Land: America’s fate hinges on saved getting right

HOUSTON—Calling upon a common Scripture reference for national redemption, Richard Land told those gathered at a National Day of Prayer breakfast in Houston on May 3 that the United States will have a spiritual reformation when the saved get their lives right with God.

Using 2 Chronicles 7:14 as his text, Land asked, “Who are my people?” In the Old Testament it was those who by faith obeyed the sacrificial system and the promises it held. And since the time of Christ it is those who know Jesus as Lord.                 

For them, Land said, it is necessary to understand “my problems are bigger than myself.”

Land gave his remarks to an audience of about 120 at Nassau Bay Baptist Church.

When Franklin Roosevelt used his famous fireside radio addresses to speak to the nation he told them, in the midst of the Great Depression, that the nation’s troubles were rooted in the economy. Today, Land said, no one could dare make such a claim. He said our problems are ones of the heart, soul, and spirit, noting the social ills associated with sex outside of marriage, fatherless homes, the economic demise of single moms and their children, and abortion.

“But the good news that this verse tells us is,” Land added, “it doesn’t depend on what the lost people do. It depends on what the saved people do.”

When “my people” do all that is required of them in the first part of the passage in 2 Chronicles then, Land said, “there is a divine critical mass, there is a divine tipping point” when God pours out his blessings.

“But there has to be revival. When God’s people get right with God, lost people notice.”

When enough people get saved it’s called an awakening. And in the course of an awakening a nation will have reformation.

“In the end,” said Land, “that is what we must have—a reformation.”

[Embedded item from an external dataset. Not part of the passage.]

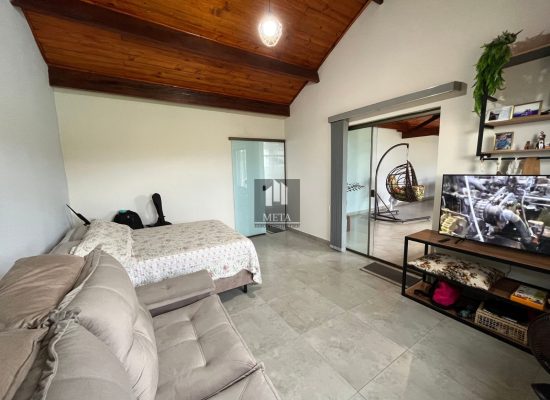 WhatsApp Image 2025-01-22 at 17.37.32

In an election year, Land emphasized the necessity of all Christians putting aside allegiances to political party and loyalty to family when casting their votes for political candidates. He told of how his mother, a staunch Republican from Massachusetts, always canceled out the vote of his “yellow-dog Democrat” father.                 

“But they were both wrong,” he said. Each cast a vote out of habit and a sense of duty to someone or something other than their biblical ethics. But Christians should seek candidates who represent biblical principles.

Harkening back to a speech given by then-presidential candidate Ronald Reagan, Land said, “I don’t think we should be endorsing candidates. We should be looking for candidates who endorse us.”

In the saved getting right with God and also minding their civic duties from a biblical framework, Christians could began to stem the tide of destructive influences in American society and government, he said.